Juliet looked away and licked her mouth. Her lips gathered delicately in what she knew was called a Cupid’s bow, but the air against them now made them feel enormous.

“Look, it’s like jumping into a pool,” said Beau. “You just gotta one-two-three-
go
. But turn your face in my direction.” He leaned into her, and Juliet closed her eyes, her palms stiffening against the rough bricks behind her. The darkness comforted her; she was nowhere, she was in outer space. She could smell Beau’s aftershave, thick and lemony, and felt his hand on her chin. His mouth pressed into hers and in a startled gasp, her lips parted. His tongue was warm and alive and insistent, a creature unto itself. She felt the smooth edges of his teeth and worried at the sharpness of her own. Then his fingers, thick and strong, slid up her face, stopping to cover her birthmark.

She pushed him back. “Hey.”

“Oh, come on, I thought it’d be nice.”

“Nice for who?” she yelped.

“Juliet, it’s not even that noticeable
anymore. I bet it’ll disappear completely.”

“And if it doesn’t disappear?”

Beau’s mouth fell crookedly open, and the thought of what he might say filled Juliet with such dread that she gathered her things and walked off. “Hey, I’m sorry!” he called after her. She wanted to run, but fought the urge. She had two rules when dealing with tormentors: no running; no tears.
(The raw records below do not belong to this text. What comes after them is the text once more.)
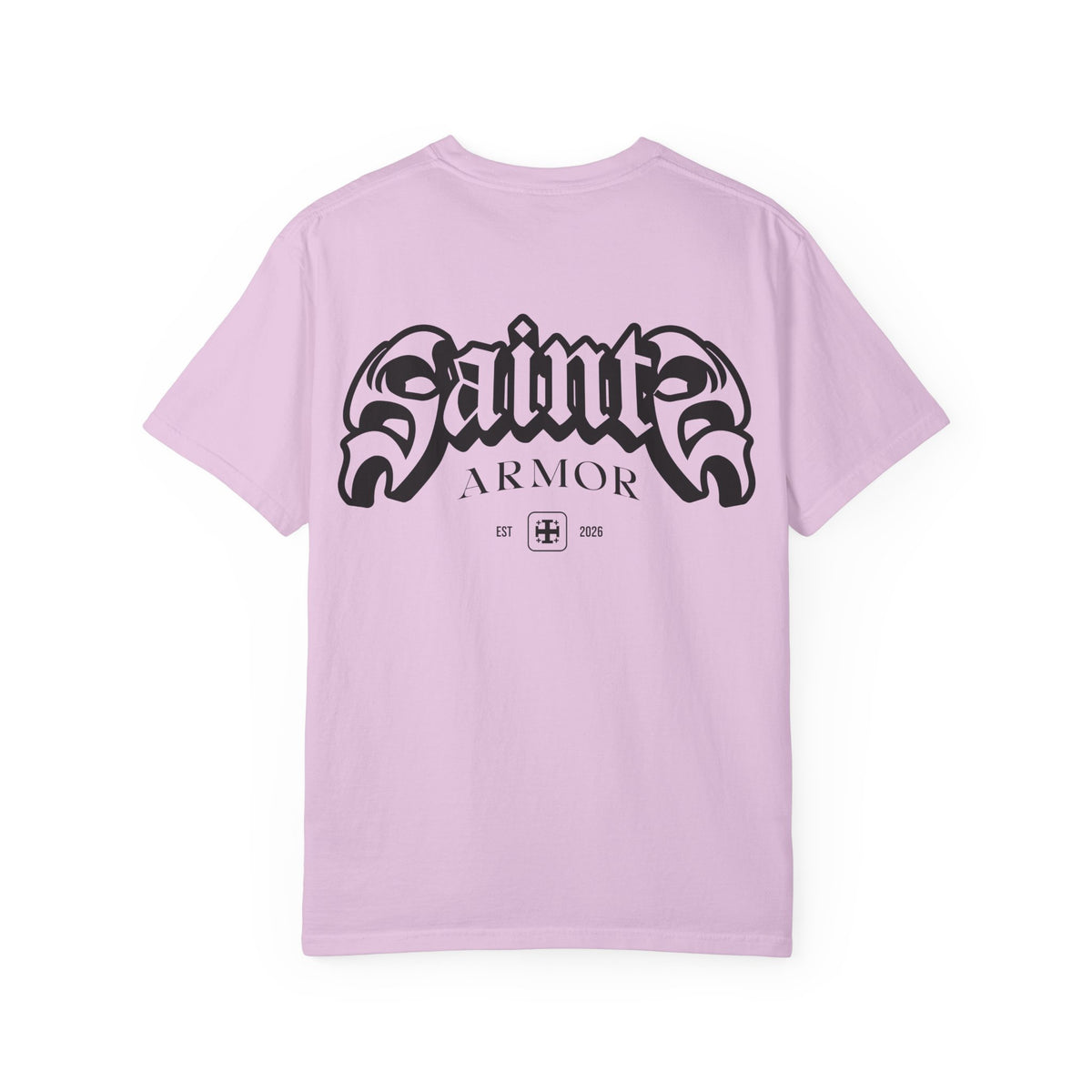 Saints' Armor Cross Tee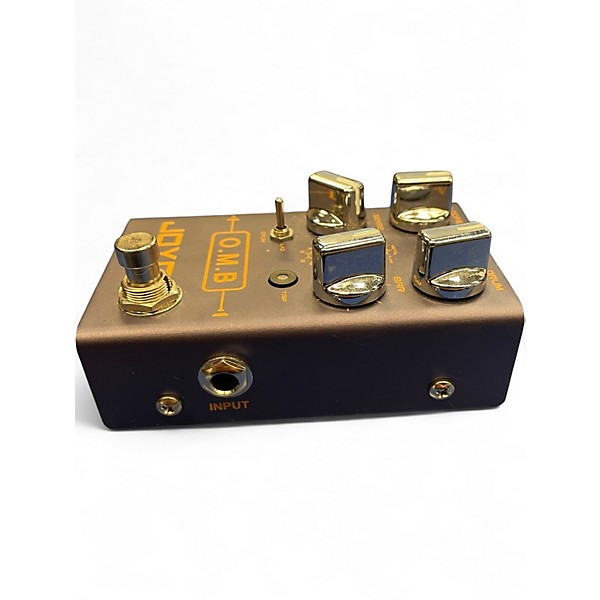 Used Joyo O.M.B Effect Pedal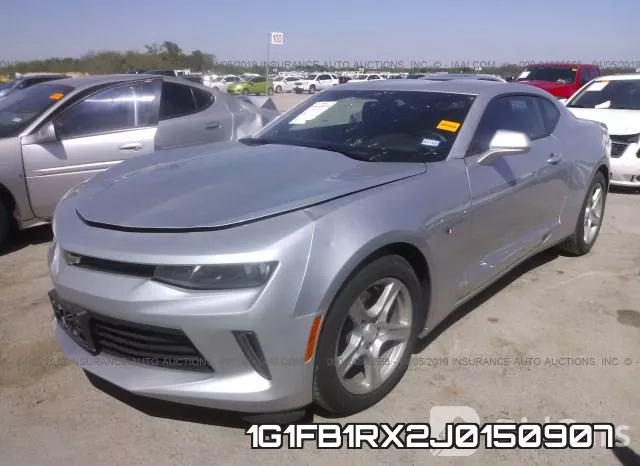 1G1FB1RX2J0150907 фото 3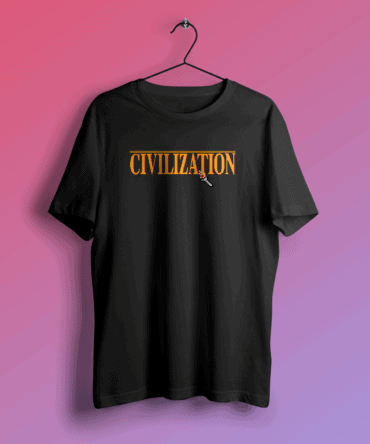 Civilization logo strategy PC game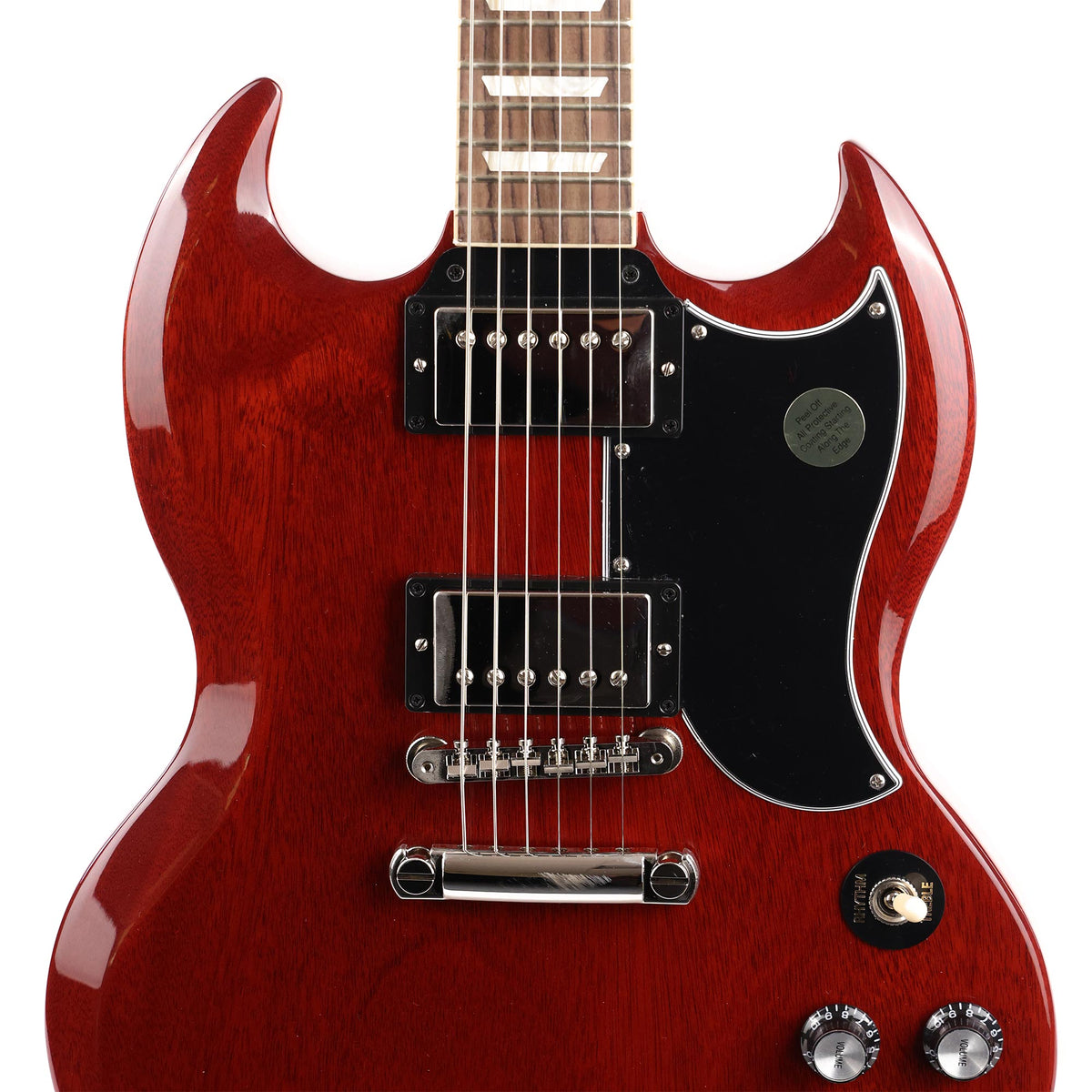 Gibson SG Standard '61 Vintage Cherry — 6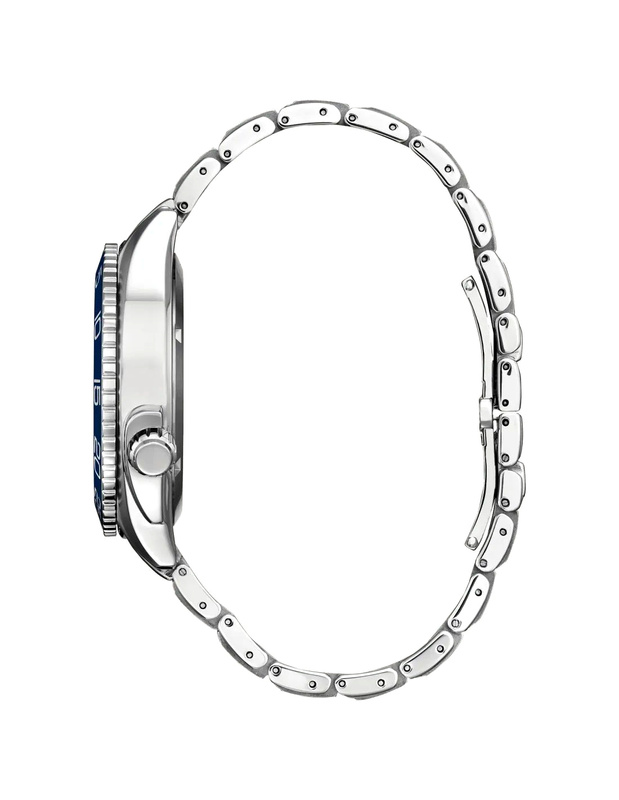 Zegarek CITIZEN AW1770-53L. Słoneczny, Kolor niebieski. Mężczyzna.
In the grainy afternoon light, she trudged through the old part of town, passing the formerly grand homes of Hancock Street. She glared at the ruined mansions, withering under buckled beams; strips of paint peeled off at irregular intervals so that the façades seemed to be suffering from a bout of measles or chicken-pox scabs. Around the turn of the century both a hurricane and a fire had ravaged Charlesport. But Juliet found it difficult to imagine these events—the noisy, wet drama of a hurricane, the roar of buildings aflame. It seemed impossible that a town standing in such dreary slumber had once built massive ships to sail the world.

Nothing here now,
she thought,
but small-town bores.

Soon she passed the thickly wooded area where years earlier she and Tuck had rescued a wounded raven. “Raven Point,” they called the woods. Together they had nursed the bird back to health and kept it as a pet. Juliet had grown attached to Cher Ami, who would follow her to school. But at Tuck’s insistence, they eventually released the bird back into the woods. He belonged to the wilderness, Tuck had said. But for months afterward, Juliet and Tuck would lie side by side at the edge of Raven Point, staring up at the thick canopy of trees, calling Cher Ami’s name. Several times, they thought they spotted him on a distant branch. But the woods had changed the bird; he wouldn’t come down. Eventually, when she called his name, Juliet wasn’t even certain she could tell him apart from the other birds. She wept at this, and Tuck held her close. He said maybe it was their mother she was weeping for, and Juliet thought perhaps he
was right. She had died when Juliet was only three years old. Over the years, she and Tuck grew accustomed to lying at the edge of Raven Point, listening to the scratch of squirrels climbing the bluff oaks, talking into the early evening. It became their secret hideaway. Here they had shared their first cigarette, sipped their first bourbon. Here they had conjured up the fictional Miss Van Effing.